(Source information)

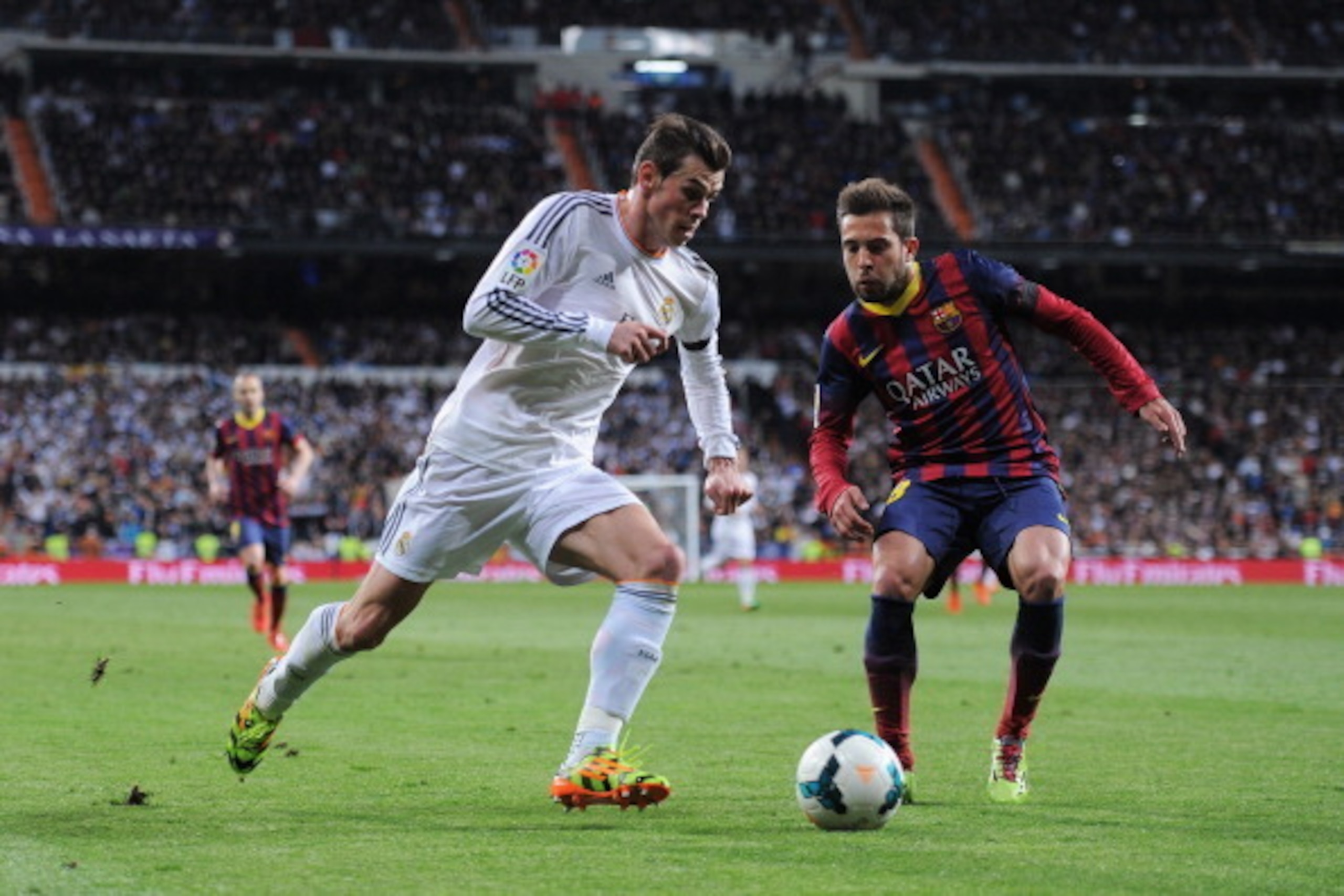 MADRID, SPAIN - MARCH 23:  Gareth Bale of Real Madrid takes on Jordi Alba of Barcelona during the La Liga match between Real Madrid CF and FC Barcelona at the Bernabeu on March 23, 2014 in Madrid, Spain.  (Photo by Denis Doyle/Getty Images)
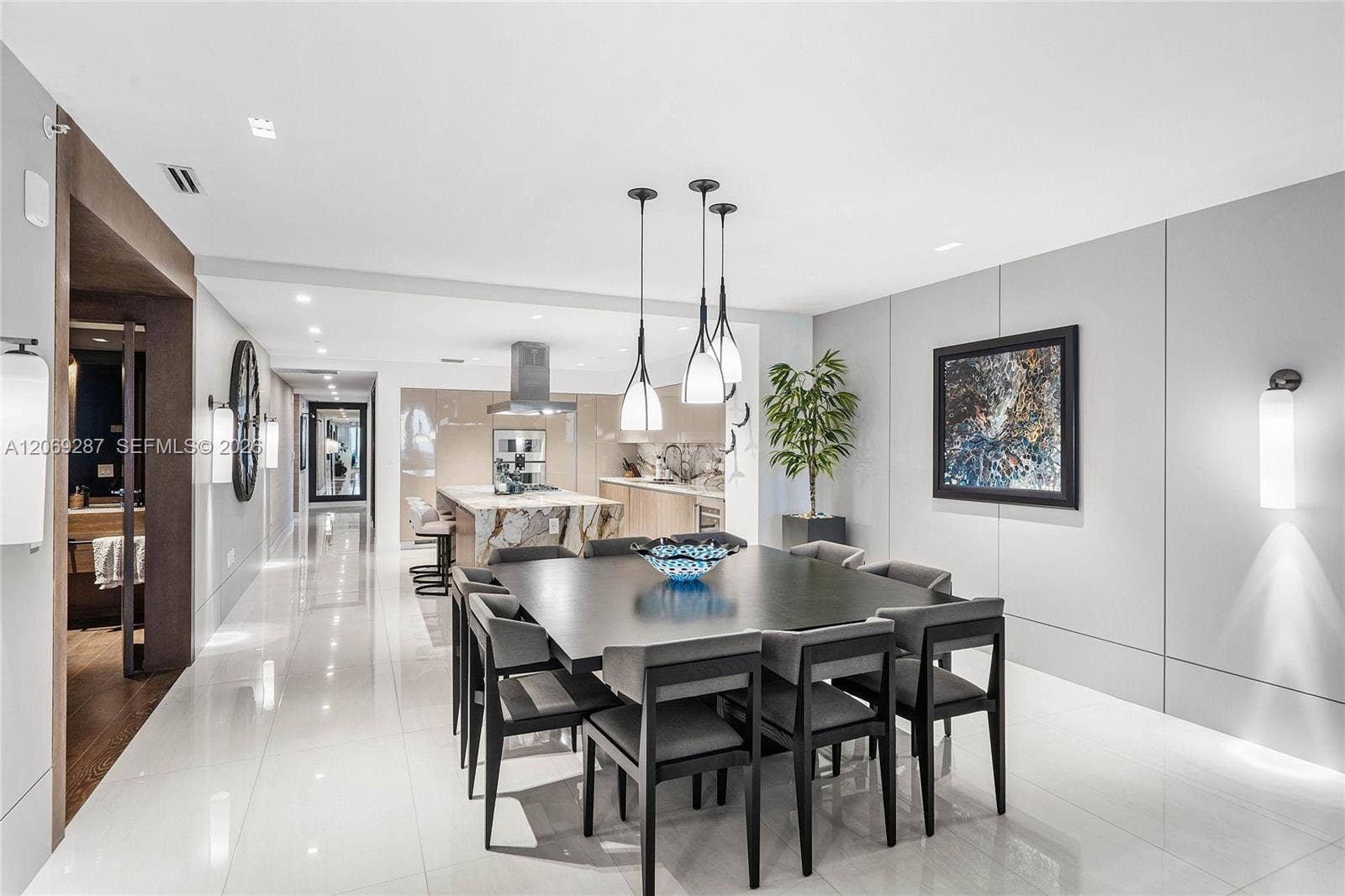 435 Bayshore Drive, #703, Fort Lauderdale, FL 33304 A refined dining area offering a sophisticated setting for intimate dinners and effortless entertaining.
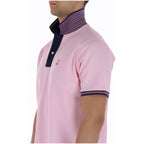 Side view of the pink polo shirt showcasing the button placket and short sleeves.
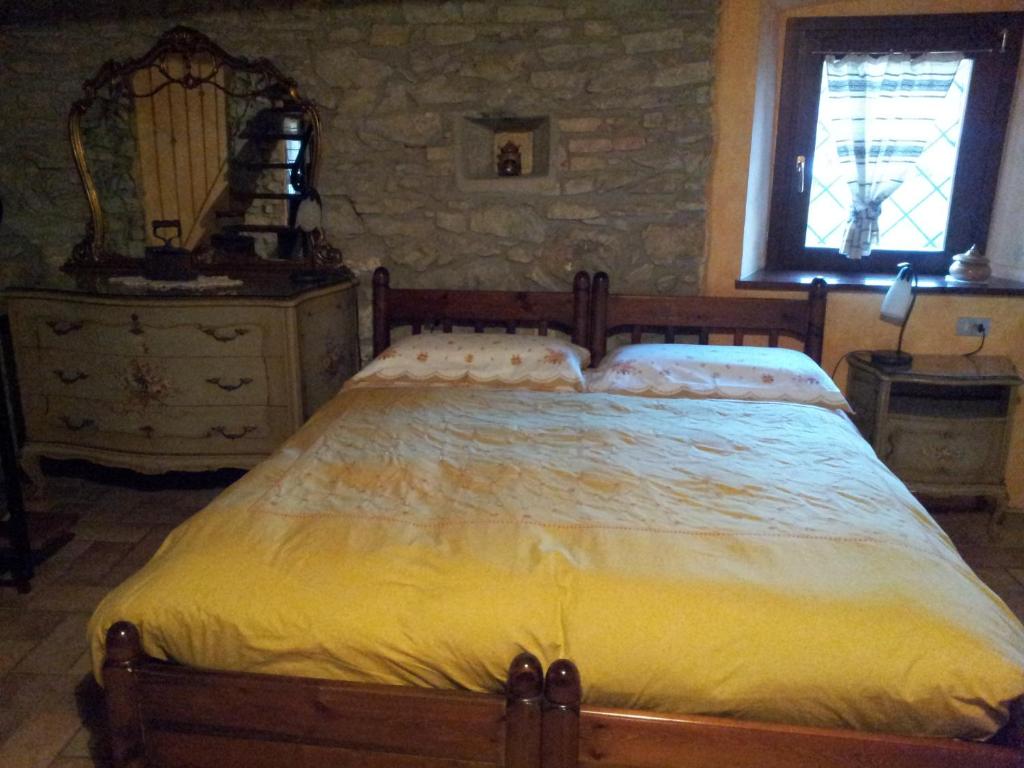 una camera con un grande letto e un muro di pietra di Agriturismo Cascina Ronchi a Palazzago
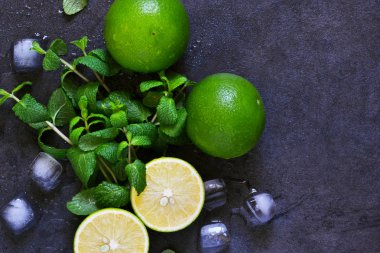 Siyah arka planda taze nane, kireç ve buz. Mahito 'nun malzemesi. Üst görünüm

(End Source information)

*What to do:* Write out the data above precisely. Pictures stay out.

*Answer to this task:*
 MADRID, SPAIN - MARCH 23:  Gareth Bale of Real Madrid takes on Jordi Alba of Barcelona during the La Liga match between Real Madrid CF and FC Barcelona at the Bernabeu on March 23, 2014 in Madrid, Spain.  (Photo by Denis Doyle/Getty Images)
 435 Bayshore Drive, #703, Fort Lauderdale, FL 33304 A refined dining area offering a sophisticated setting for intimate dinners and effortless entertaining.
 Side view of the pink polo shirt showcasing the button placket and short sleeves.
 una camera con un grande letto e un muro di pietra di Agriturismo Cascina Ronchi a Palazzago
 Siyah arka planda taze nane, kireç ve buz. Mahito 'nun malzemesi. Üst görünüm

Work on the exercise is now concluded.